Blisko pół tysiąca osób uczciło we wtorek pamięć polskich żołnierzy z 6 Pułku Strzelców Podhalańskich, którzy 10 września 1939 r. polegli w Bykowcach koło Sanoka. Podhalańczycy pod dowództwem ppor. rez. Mariana Zaremby 80 lat temu usiłowali zatrzymać Niemców z 1 Dywizji Piechoty Górskiej Wehrmachtu.
"W trakcie walk w Bykowcach zginęło pięciu żołnierzy. Kolejna ofiarą był podporucznik Zaremba. Tego samego dnia, po wcześniejszym pobiciu, zastrzelił go niemiecki oficer" – przypomniał rzecznik Regionalnej Dyrekcji Lasów Państwowych w Krośnie Edward Marszałek.
Dodał, że Zaremba był leśnikiem. "W lecie 1939 r. został powołany do wojska. Leśnikiem był też jeden z jego poległych podkomendnych" – mówił rzecznik krośnieńskiej RDLP. W Bykowcach podhalańczycy podjęli walkę z przeważającymi siłami nieprzyjaciela. Zadali Niemcom spore straty.

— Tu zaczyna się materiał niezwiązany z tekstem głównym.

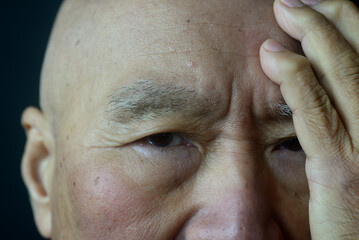 シニアの困った顔クローズアップ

Ppor. Zaremba, widząc, że nie da się obronić pozycji, rozkazał wycofać się pozostałym przy życiu żołnierzom. Sam pozostał na stanowisku, prowadząc ogień z karabinu maszynowego. Po wyczerpaniu się amunicji, ciężko ranny, został ujęty przez Niemców. Był bity i przesłuchiwany, a w końcu został zastrzelony przez niemieckiego oficera. Zmasakrowane ciało polskiego oficera, jako przestroga dla okolicznej ludności, leżało przez kilka dni w rowie.
Potem zwłoki ppor. Zaremby złożono w przydrożnej mogile. W 1940 roku, kilka miesięcy po zajęciu tych terenów przez Armie Czerwoną, został pochowany na miejscowym cmentarzu.
W przeddzień tegorocznych uroczystości ukazała się publikacja "Ostatni bój ppor. Zaremby" autorstwa leśnika i pasjonata historii Edwarda Orłowskiego. Wydawnictwo przybliża jego postać i m.in. opisuje przebieg walk w Bykowcach.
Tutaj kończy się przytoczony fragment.